Behavior Labeling in CVAT

  1. Access your task - Once you login to CVAT, navigate to the Projects tab where you should see your assigned tasks. Click on the task to open it.

    Behavior Task

  2. Set up point annotation - Click on "Draw new points" (1) then select the appropriate animal (2). Next, select "Track".

    Point Setup 1 Point Setup 2

  3. Annotate behavior - Place your dot anywhere on the screen and select the appropriate behavior. Here, the zebra is "Head Up".

    Behavior Selection

  4. Continue annotation - Continue annotating the video, updating the object label as the animal changes behavior. See the Updated Ethogram for explanations of the different behavior categories. Pay particular attention to the caveats on any "out of sight" sub-categories.

    Save Frequently

    Make sure to save current changes frequently. You can annotate part of a video and come back to complete it later.

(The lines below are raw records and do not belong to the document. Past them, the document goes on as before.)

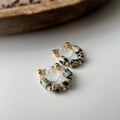 Boucles d'oreilles clip élégantes Perles cylindriques pierres dalmate blanc Perle gravée dorée /argentée. Confortable look raffiné naturel
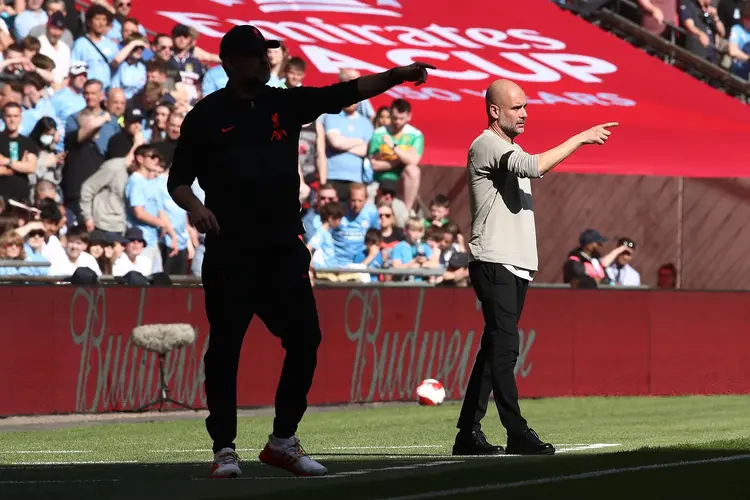 LONDON, ENGLAND - APRIL 16: Manchester City manager Josep Guardiola gestures from the touchline next to Liverpool manager Jurgen Klopp during The Emirates FA Cup Semi-Final match between Manchester City and Liverpool at Wembley Stadium on April 16, 2022 in London, England. (Photo by Chris Brunskill/Fantasista/Getty Images) (Chris Brunskill/Fantasista/Getty Images)
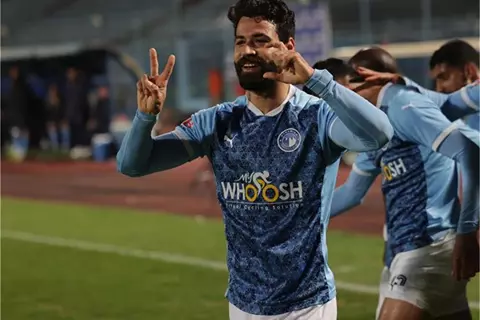 رأسية سامي تقرب بيراميدز من حلم اللقب الأفريقي (فيديو)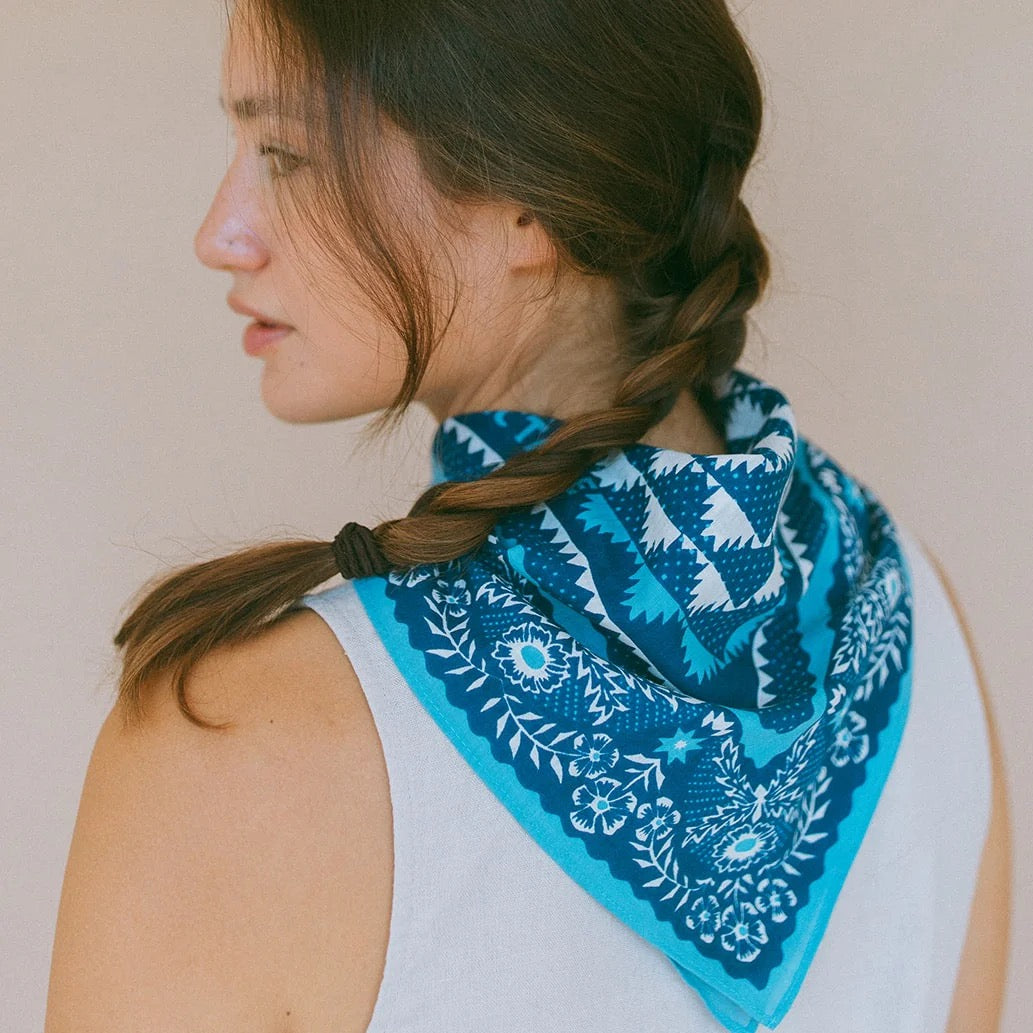 Cotton Mountains Bandana | Navy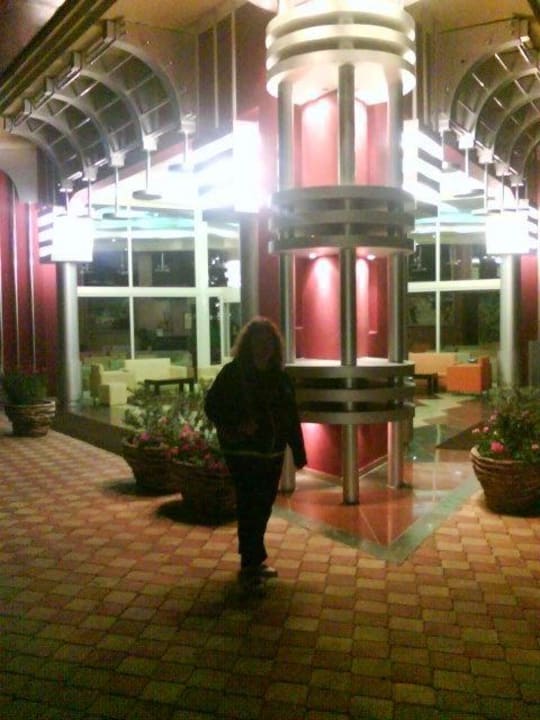 Eingang im Dunkel der Nacht toll beleuchtet! Hotel Orfeus Park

  5. Complete the job - Once you are done annotating, save the annotations for a final time, change the job status to "completed" and then select "Finish the job."

    Job Completion

Downloading Annotations

You may download annotations for individual tasks, or the entire project.

  1. Access export options - Click on the 3 vertical dots in the lower right corner of the project or task.

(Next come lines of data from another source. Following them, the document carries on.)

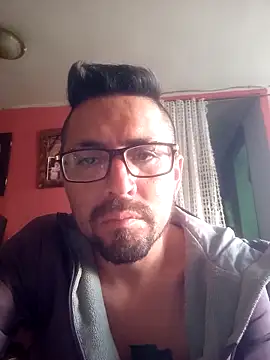 Snapshot of Lionardovssf35 chatting on 3, 10, 2025 Lionardovssf35 online show from 3, 10, 2025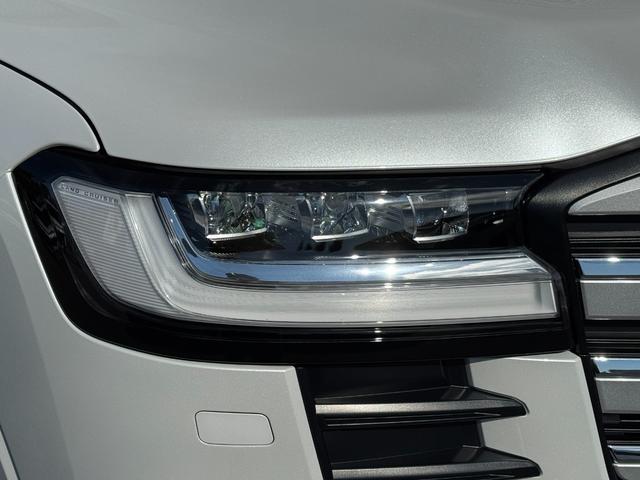 ランドクルーザー ＺＸ　【リアエンターテインメントシステム！パノラミックビューモニター！】クールＢＯＸ　ＪＢＬサウンドシステム　リアデフロック　タイヤ空気圧センサー　ブラックルーフレール　モデリスタエアロ　サンルーフ　ＢＳＭ（12枚目）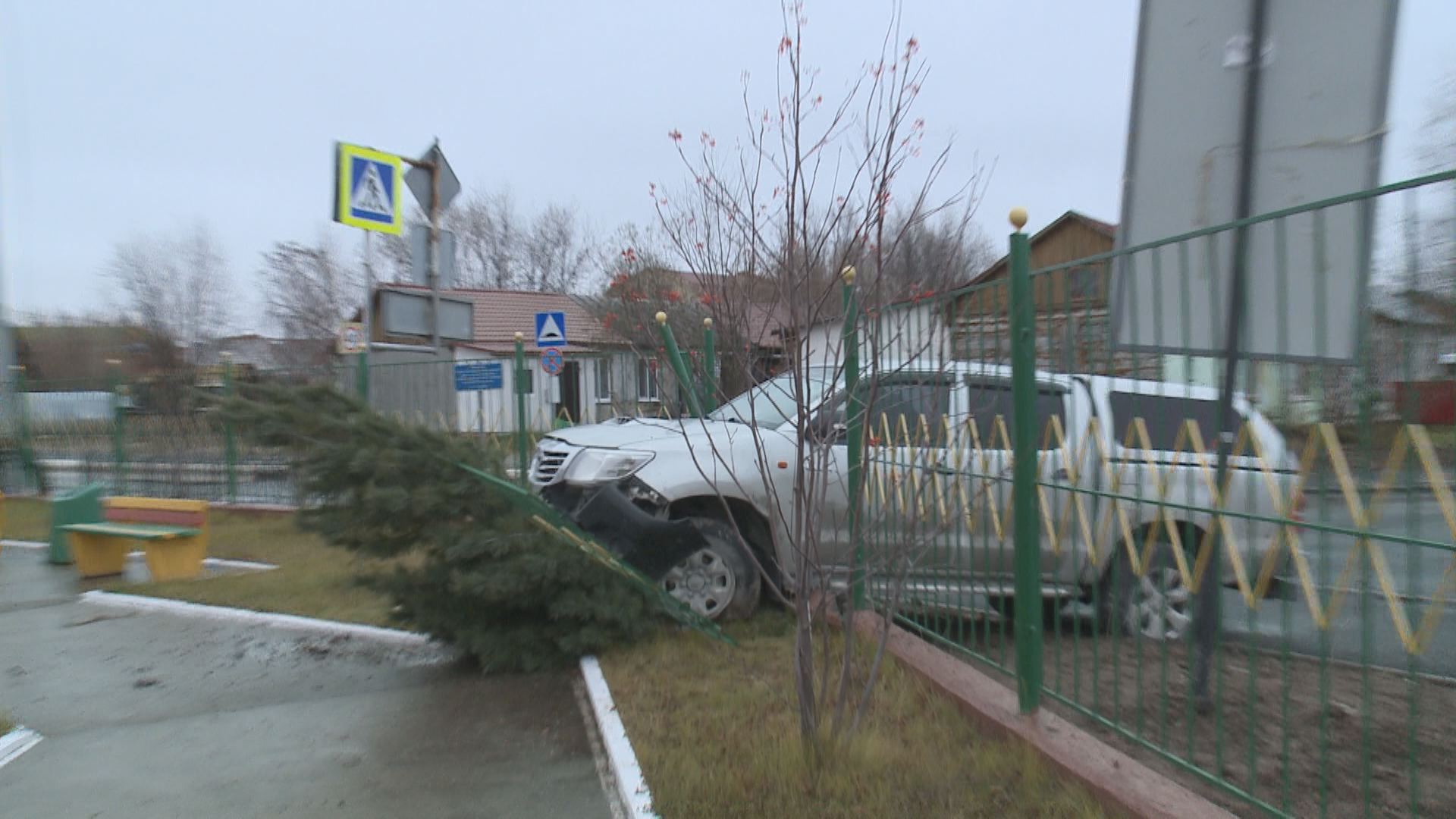 В Тарко-Сале пьяный водитель въехал в забор школы - новости Нового Уренгоя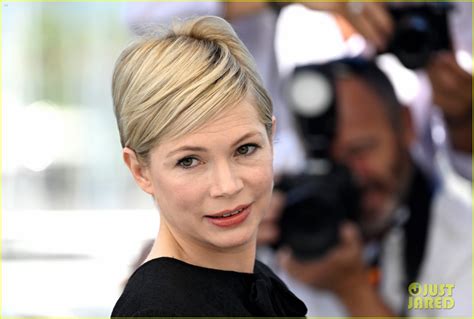 Pregnant Michelle Williams Attends The Photo Call For Showing Up At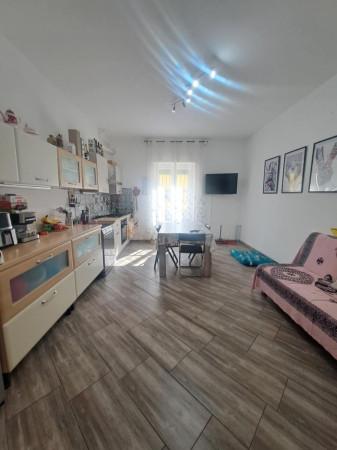 appartamento in vendita a Roma in zona Falcognana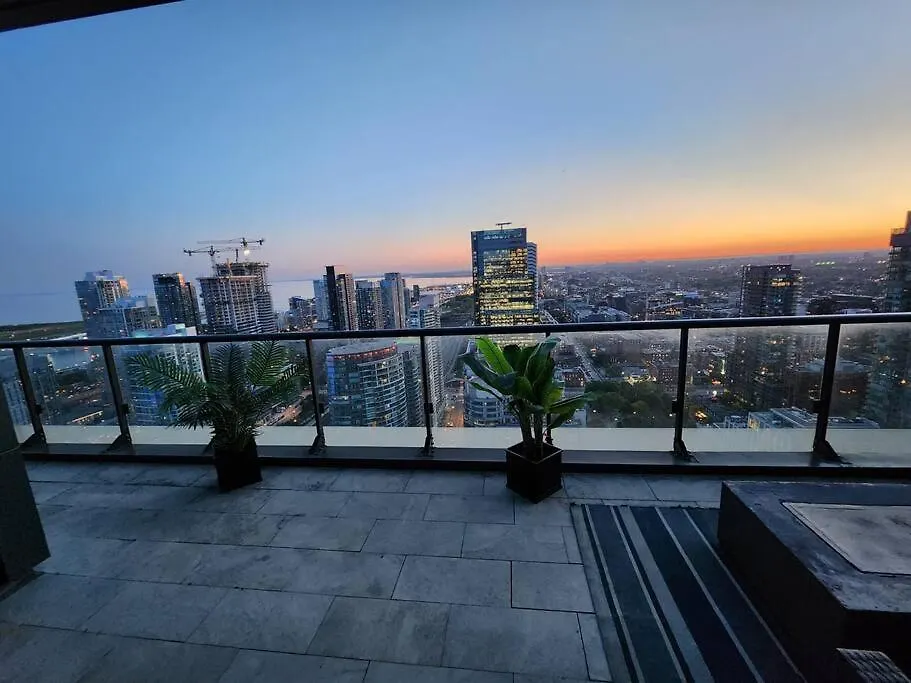 5-Star Panoramic View And Large Terrace By Cn Tower Apartment Toronto 0*,  Canada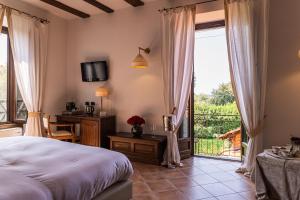 sypialnia z łóżkiem i dużym oknem w obiekcie Al Castello Resort w mieście Sillavengo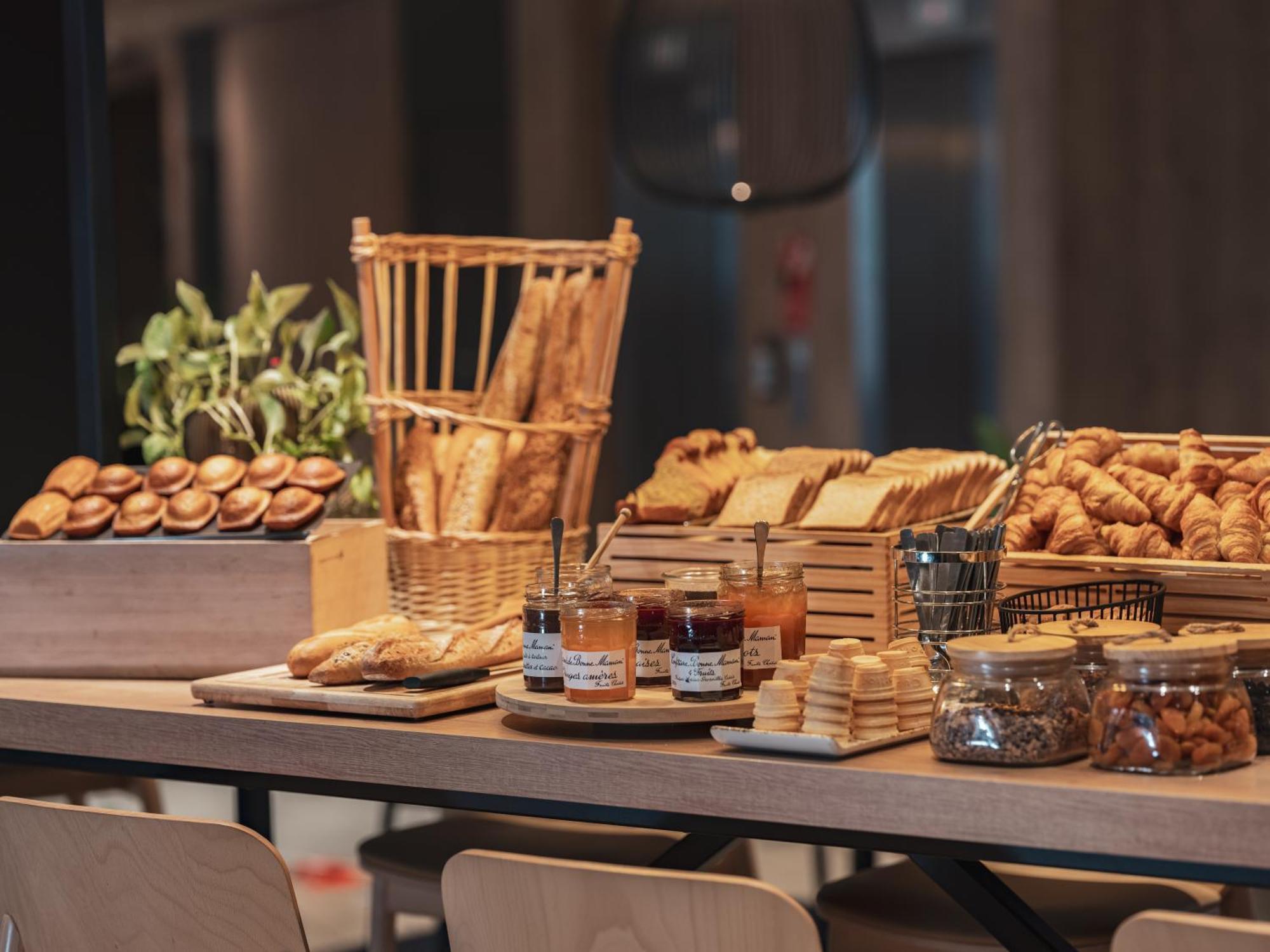 Hotel Ibis Paris Gare Montparnasse Catalogne Exteriér fotografie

  2. Select export type - Select "Export dataset" to export a project, or "Export task dataset" to export a task.

    Export Options 1 Export Options 2

  3. Configure export - Export in "CVAT for video 1.1" format, deselect the option to "Save images", and click "Ok".

    Export Configuration

  4. Download dataset - Once the export request is complete, navigate to the "Requests" tab and download the dataset.

    Download Dataset

Using Your Annotations

For detections: You may use your detections to create mini-scenes using tracks_extractor. These mini-scenes can be automatically annotated with behavior labels using the KABR model.

For behaviors: You may use your annotated behaviors to fine-tune a behavior recognition model, such as X3D, or create time-budgets with the time budget notebook.